Using netstat and grepping on the PID or process name:

# netstat -np --inet | grep "thunderbird"
tcp        0      0 192.168.134.142:45348   192.168.138.30:143      ESTABLISHED 16875/thunderbird
tcp        0      0 192.168.134.142:58470   192.168.138.30:443      ESTABLISHED 16875/thunderbird

And you could use watch for dynamic updates:

watch 'netstat -np --inet | grep "thunderbird"'

With:

  • -n: Show numerical addresses instead of trying to determine symbolic host, port or user names
  • -p: Show the PID and name of the program to which each socket belongs.
  • --inet: Only show raw, udp and tcp protocol sockets.

strace for verbosity

You said you tried the strace tool, but did you try the option trace=network? Note that the output can be quite verbose, so you might need some grepping. You could start by grepping on "sin_addr".

 strace -f -e trace=network <your command> 2>&1 | grep sin_addr

Or, for an already running process, use the PID:

 strace -f -e trace=network -p <PID> 2>&1 | grep sin_addr

sysdig allows you to monitor all the activity of the kernel or of several commands running in your system in a go, including and not restricted to network activity.

As the output can be large, you have to build filters, the default page for the most basic filters is quite comprehensible.
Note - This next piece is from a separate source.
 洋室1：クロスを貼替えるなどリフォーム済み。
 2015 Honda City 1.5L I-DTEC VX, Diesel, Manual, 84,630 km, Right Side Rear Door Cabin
It also has the advantage it is not used as an application wrapper as in strace, and it can be quite powerful.

From Sysdig Examples

Networking

See the top processes in terms of network bandwidth usage

sysdig -c topprocs_net 

Show the network data exchanged with the host 192.168.0.1

As binary:

sysdig -s2000 -X -c echo_fds fd.cip=192.168.0.1   

As ASCII:

sysdig -s2000 -A -c echo_fds fd.cip=192.168.0.1 

See the top local server ports:

In terms of established connections:

sysdig -c fdcount_by fd.sport "evt.type=accept"   

In terms of total bytes:

sysdig -c fdbytes_by fd.sport 

See the top client IPs

In terms of established connections

sysdig -c fdcount_by fd.cip "evt.type=accept"   

In terms of total bytes

sysdig -c fdbytes_by fd.cip 

List all the incoming connections that are not served by apache.

sysdig -p"%proc.name %fd.name" "evt.type=accept and proc.name!=httpd"

I'd create a new network namespace, bridge it over to the real network, and then monitor the bridge with tcpdump.